Prevalence of pathogenic Y. enterocolitica in pigs has been determined by PCR in some countries; however, epidemiological data about other possible animal reservoirs and from many countries are still missing.

Food has often been suggested to be the main source of yersiniosis, although pathogenic strains have seldom been isolated from food samples. Raw pork products have been widely investigated because of the association between Y. enterocolitica and pigs. However, the isolation rates of pathogenic Y. enterocolitica have been low, which may be due to the limited sensitivity of the detection methods. Occasionally, pathogenic Y. enterocolitica has been detected in vegetables and environmental water; thus, vegetables and untreated water are also potential sources of human yersiniosis. To identify other possible transmission vehicles, different food items should be studied more extensively.

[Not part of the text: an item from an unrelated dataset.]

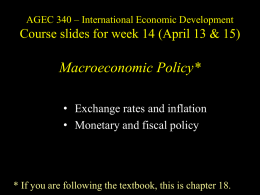 Week 14: Macroeconomics and fiscal policy
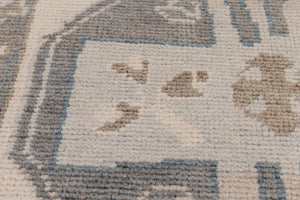 3x13 Modern Oushak Area Runner Rug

Using genotyping, only a few animal reservoirs of Y. enterocolitica infections have been identified. The primary source of pathogenic Y. enterocolitica is fattening pigs. A close genetic relationship between pig and human strains of Y. enterocolitica has been demonstrated by several DNA-based methods. Human pathogenic Y. enterocolitica strains share common genotypes with dog strains, indicating that dogs are a possible source of human yersiniosis. In Great Britain, sheep are suspected of being a potential reservoir of human yersiniosis. Similar AFLP patterns between human and sheep strains reinforce this assumption. Wild rodents have been shown to be an important reservoir of Y. enterocolitica O:8 strains in Japan. Indistinguishable genotypes have been found among strains isolated from humans and wild rodents. Tonsils of fattening pigs are an important contamination source in slaughterhouses. Yersinia-positive tonsils will easily contaminate the carcass, the offal, and the environment during the slaughtering process. Using PFGE, Yersinia-contaminated pork and edible pig offal has proven to be important transmission vehicles of pathogenic Y. enterocolitica from the slaughterhouse to the retail level and further to humans. Indirect transmission of pathogenic Y. enterocolitica from pets to humans may occur via contaminated pork and offal. Indistinguishable genotypes have been found among strains isolated from humans and environmental water, indicating that untreated water is a possible infection source for human yersiniosis. However, many factors related to the epidemiology of Y. enterocolitica, such as sources and transmission routes, remain obscure because of the low sensitivity of detection methods and the predominating genotypes among Y. enterocolitica strains.